What about the possibility that freeing up lots of land for development will wind up depressing housing prices? Another speaker at the conference, geography professor Eran Feitelson of the Hebrew University of Jerusalem, believes that if anything, prices of homes will rise. A cartel of land-owners will be created that will keep a cap on price drops by dint of refusing to build, he predicts. When the prices reach appetizing levels - then they'll develop the land.

All the reform's critics point to the anti-democratic way it's being advanced. The proposal to abolish the ILA and created the authority was included the Economic Arrangements Law for 2009. There was no public debate on the merits of the idea and no alternatives were examined.

The result will be an authority lacking any representative of the public. It will consist only representatives of the ministries and two representatives from the Jewish National Fund (Keren Kayemet). The Environmental Affairs Ministry demands that it have a representative in the authority's management council as well, but no such representative is mentioned in the government resolution. The ministry hopes that this problem will be rectified in the final draft of the Economic Arrangements Law.
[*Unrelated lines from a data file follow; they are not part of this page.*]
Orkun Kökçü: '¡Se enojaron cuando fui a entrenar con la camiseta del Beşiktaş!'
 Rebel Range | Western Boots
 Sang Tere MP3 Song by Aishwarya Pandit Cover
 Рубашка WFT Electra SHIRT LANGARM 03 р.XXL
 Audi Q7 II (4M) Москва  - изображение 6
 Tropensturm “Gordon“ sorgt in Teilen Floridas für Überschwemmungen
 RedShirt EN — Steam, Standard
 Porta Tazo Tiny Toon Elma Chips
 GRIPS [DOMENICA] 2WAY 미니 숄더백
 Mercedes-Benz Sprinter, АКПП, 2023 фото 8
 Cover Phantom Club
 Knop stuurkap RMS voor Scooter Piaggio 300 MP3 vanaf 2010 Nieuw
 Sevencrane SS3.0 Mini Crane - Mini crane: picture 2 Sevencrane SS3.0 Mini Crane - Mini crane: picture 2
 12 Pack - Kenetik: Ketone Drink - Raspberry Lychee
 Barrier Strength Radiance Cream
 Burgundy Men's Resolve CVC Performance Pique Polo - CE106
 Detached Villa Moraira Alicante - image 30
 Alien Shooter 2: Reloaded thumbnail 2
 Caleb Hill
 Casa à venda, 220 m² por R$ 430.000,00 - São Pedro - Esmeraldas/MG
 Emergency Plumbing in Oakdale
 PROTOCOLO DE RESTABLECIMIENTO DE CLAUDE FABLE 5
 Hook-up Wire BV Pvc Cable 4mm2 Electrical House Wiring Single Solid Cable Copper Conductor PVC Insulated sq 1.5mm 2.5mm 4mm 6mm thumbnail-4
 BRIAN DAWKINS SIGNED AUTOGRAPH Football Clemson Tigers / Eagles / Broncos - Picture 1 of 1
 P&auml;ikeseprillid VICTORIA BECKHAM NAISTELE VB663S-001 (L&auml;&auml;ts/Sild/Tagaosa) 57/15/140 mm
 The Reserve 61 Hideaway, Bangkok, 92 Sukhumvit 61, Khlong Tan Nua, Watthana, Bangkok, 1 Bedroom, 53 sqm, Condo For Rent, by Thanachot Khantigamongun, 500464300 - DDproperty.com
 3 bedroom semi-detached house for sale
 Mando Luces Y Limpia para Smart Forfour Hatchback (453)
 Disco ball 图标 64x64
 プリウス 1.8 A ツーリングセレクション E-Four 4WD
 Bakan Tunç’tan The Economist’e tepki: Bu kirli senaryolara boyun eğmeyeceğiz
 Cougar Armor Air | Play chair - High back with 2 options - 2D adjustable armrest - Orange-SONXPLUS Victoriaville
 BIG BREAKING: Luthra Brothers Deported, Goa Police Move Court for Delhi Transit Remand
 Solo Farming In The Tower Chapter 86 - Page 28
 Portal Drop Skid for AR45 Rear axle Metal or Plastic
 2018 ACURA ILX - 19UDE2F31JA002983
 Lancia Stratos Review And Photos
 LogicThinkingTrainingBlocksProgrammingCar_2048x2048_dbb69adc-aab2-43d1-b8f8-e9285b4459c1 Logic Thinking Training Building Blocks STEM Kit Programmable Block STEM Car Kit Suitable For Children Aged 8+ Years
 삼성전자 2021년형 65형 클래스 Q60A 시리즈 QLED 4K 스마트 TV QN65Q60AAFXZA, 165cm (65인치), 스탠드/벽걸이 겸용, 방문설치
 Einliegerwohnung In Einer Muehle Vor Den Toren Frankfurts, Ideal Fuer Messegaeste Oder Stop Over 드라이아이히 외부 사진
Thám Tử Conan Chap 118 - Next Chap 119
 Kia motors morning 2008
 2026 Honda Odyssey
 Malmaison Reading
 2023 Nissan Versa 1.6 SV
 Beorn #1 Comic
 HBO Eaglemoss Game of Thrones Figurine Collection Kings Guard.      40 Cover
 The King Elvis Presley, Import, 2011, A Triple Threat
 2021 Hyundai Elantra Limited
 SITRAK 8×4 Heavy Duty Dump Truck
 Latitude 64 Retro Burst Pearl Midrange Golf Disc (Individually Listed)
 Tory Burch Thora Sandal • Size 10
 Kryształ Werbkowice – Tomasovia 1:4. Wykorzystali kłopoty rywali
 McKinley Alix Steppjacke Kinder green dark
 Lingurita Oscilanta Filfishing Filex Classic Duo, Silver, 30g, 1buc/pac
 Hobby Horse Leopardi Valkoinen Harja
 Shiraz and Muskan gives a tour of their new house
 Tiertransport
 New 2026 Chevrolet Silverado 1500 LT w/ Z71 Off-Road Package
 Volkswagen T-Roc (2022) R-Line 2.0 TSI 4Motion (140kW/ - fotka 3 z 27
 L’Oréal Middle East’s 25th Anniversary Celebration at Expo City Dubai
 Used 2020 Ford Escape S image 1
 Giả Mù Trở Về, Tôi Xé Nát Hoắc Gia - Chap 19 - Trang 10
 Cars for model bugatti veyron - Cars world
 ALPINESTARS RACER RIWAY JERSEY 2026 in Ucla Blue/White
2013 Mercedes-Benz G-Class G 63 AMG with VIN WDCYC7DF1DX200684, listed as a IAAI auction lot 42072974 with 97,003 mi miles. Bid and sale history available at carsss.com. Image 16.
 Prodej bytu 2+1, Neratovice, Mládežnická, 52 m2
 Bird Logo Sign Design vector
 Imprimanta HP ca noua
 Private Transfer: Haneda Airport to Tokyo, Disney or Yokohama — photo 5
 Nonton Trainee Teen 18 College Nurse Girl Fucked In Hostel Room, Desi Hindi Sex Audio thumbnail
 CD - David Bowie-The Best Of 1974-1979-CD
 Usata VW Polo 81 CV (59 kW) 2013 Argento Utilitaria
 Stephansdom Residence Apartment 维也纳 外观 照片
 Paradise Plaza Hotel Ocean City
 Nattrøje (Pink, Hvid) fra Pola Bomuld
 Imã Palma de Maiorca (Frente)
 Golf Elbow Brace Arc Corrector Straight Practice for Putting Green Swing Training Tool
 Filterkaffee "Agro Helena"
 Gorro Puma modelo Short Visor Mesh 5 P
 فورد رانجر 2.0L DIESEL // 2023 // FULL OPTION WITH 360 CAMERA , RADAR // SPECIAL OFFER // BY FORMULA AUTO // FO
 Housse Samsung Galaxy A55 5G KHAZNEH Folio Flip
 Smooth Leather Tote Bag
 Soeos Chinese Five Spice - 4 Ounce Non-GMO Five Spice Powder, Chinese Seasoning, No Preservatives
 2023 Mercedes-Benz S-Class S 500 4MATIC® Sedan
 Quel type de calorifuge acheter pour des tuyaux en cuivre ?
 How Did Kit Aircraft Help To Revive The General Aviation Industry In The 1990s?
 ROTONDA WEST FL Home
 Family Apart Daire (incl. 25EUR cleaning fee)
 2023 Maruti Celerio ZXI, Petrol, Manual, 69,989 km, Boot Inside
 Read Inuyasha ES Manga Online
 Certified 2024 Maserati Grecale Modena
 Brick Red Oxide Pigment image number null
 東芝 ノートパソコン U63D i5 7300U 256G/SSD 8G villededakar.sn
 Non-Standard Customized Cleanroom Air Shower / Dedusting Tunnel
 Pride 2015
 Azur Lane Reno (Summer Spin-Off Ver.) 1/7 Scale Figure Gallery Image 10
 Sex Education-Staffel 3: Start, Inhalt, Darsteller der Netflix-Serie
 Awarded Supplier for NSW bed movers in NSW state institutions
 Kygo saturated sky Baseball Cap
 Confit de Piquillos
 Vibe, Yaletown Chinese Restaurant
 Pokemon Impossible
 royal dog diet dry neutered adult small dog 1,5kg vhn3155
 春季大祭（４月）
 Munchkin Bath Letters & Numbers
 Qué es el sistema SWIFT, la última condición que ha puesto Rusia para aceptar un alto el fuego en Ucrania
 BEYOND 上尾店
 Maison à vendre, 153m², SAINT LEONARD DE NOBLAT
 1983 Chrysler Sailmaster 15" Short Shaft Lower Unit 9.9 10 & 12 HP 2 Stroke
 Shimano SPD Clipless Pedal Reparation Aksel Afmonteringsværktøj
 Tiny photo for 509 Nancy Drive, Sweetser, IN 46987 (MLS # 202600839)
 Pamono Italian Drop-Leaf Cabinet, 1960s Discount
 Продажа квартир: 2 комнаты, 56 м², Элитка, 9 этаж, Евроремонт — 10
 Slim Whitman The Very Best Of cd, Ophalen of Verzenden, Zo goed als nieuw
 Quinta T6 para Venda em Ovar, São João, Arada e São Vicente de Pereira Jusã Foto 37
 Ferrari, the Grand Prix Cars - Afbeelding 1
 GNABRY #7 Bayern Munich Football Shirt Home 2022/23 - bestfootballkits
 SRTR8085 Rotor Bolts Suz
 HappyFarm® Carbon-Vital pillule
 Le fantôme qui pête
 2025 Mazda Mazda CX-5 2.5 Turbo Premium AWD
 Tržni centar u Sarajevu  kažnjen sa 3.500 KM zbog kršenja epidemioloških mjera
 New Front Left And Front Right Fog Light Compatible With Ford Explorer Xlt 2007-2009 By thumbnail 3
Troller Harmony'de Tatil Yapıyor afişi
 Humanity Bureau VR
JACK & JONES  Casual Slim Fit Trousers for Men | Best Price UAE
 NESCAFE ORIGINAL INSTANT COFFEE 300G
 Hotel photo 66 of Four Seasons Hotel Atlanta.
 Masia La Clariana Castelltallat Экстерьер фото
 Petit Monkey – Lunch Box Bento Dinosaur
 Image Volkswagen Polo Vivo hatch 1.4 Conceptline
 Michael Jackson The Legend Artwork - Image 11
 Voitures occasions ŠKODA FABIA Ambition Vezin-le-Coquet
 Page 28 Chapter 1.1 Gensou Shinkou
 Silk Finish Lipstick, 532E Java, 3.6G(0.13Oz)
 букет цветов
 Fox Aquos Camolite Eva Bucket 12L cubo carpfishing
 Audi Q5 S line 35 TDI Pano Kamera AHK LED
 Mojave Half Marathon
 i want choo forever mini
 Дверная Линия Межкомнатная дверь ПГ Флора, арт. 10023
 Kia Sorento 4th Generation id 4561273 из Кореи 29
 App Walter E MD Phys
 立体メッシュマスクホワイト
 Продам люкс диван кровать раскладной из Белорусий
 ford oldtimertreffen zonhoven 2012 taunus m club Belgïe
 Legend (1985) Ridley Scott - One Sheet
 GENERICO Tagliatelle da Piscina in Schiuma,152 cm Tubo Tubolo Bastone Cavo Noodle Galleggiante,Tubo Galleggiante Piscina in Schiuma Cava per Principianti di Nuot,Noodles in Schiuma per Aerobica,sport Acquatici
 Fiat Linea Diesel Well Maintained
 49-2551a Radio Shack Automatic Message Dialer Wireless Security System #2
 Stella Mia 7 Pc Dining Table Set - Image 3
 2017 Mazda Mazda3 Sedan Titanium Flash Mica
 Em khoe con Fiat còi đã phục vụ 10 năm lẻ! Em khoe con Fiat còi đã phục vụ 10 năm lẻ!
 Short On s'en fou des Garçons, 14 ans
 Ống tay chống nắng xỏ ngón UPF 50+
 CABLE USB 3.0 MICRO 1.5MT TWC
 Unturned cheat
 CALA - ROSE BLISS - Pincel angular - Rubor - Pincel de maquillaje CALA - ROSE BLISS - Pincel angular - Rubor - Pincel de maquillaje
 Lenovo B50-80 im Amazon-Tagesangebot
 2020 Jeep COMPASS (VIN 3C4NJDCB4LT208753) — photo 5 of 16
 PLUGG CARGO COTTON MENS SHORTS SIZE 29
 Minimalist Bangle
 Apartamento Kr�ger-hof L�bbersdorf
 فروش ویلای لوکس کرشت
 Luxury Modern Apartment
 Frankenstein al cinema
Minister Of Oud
Recently, claims have been bruited about that business elements in the real estate market were the ones who designed the reform, and dictated it to government, in the hope of harvesting the fruits of privatization. Dov Khenin hinted as much at the conference, and noted that unlike other sections of the Economic Arrangements Law - this one was highly detailed. Its sheer thoroughness gave rise to the suspicion that the content had been prepared in advance by parties with vested interests.

"[The reform] is, in my opinion - a clever move kept shrouded in fog to hide the real intentions underlying it," Khenin hinted broadly at the conference.

Feitelson obliquely concurred, warning that the new authority would be a convenient platform for broad government corruption.

"All it would take is to bribe one entity at the top. There's no area more vulnerable to corruption than land," Feitelson warned. "A single administrative decision can make a man rich. For example, rezoning land. Without a mechanism of checks and balances, it's a wide-open door."